Quick sidenote: I’ve had a number of people ask me “why aren’t you blogging any more?”. It isn’t that I stopped as much as was felt too busy and deep into my evolving role to write. I will be writing more in 2015, so stay tuned.
Changing roles can be challenging enough, but can be even more difficult when changing from one type of corporate culture to another. Moving from a large financial to a small startup certainly fits into the ‘challenging’ model.
It wasn’t until long after I had left my previous employer to realise how little trust there really was been the ‘company’ (if you think of it as an ambiguous blob of people and process) and the employee. I recently revisited my old office in Sydney and talked to people who are simply crushed by the amount of bureaucracy which made their day to day work lives so difficult and arduous. It was bad enough when I was there, and two years later was even worse. In their case there is some valid reason for process given the regulatory environment upon which they operate, however what is really achieved is a culture of mistrust, and more dangerously a subculture of people who endeavour to work around the rules (mostly) to get the job done.
My current employer takes a different stance on this; there are definitely checks & balances, but overall the position is “we trust you; don’t betray that.” It was a harder adjustment for me, being told by my two bosses here at various times “why are you asking for permission? Just go and do it – I trust you”. Removing the “mother, may I?” mechanism is mostly a positive one for company and employee both, with intervention for the most part being “oh, no you shouldn’t have done that but you didn’t know, so it’s cool”, and malicious intent being very rare.
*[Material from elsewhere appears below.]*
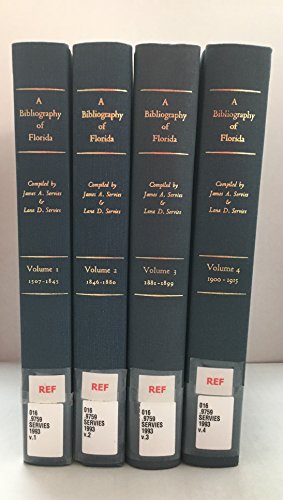 A Bibliography of Florida: Volume 1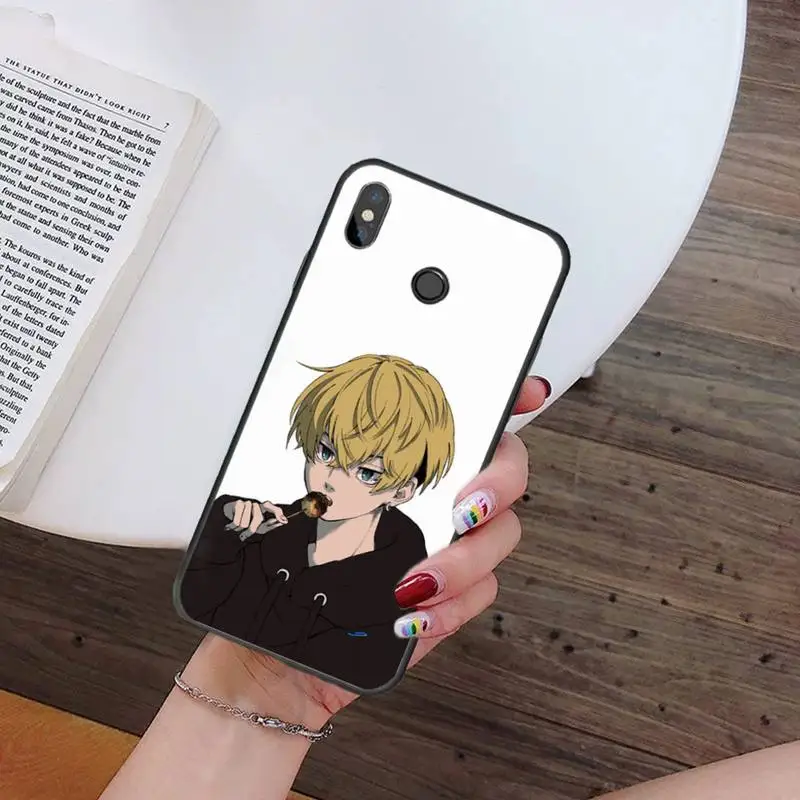 

Tokyo Revengers Phone Case For Xiaomi Redmi mi note max 3 5 6 8 9 10 t S SE lite pro Soft Silicone mobile bags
The defining difference is that employees here are treated like adults: we don’t have the liquor cabinet locked (figuratively and literally) because we know you won’t abuse it. We know we don’t have to keep putting stronger locks and surveillance measures in place to protect you from yourself. And ultimately if you break the rules maliciously or repeatedly, you’ll be treated like an adult and reprimanded as such. In my observation and hearing anecdotical evidence, we have very little in the way of abuse of trust either with perks or working to the best interests of the company. Trust is critical to any relationship, and I wished that more companies thought of the trust they put in staff as a tool rather than a millstone.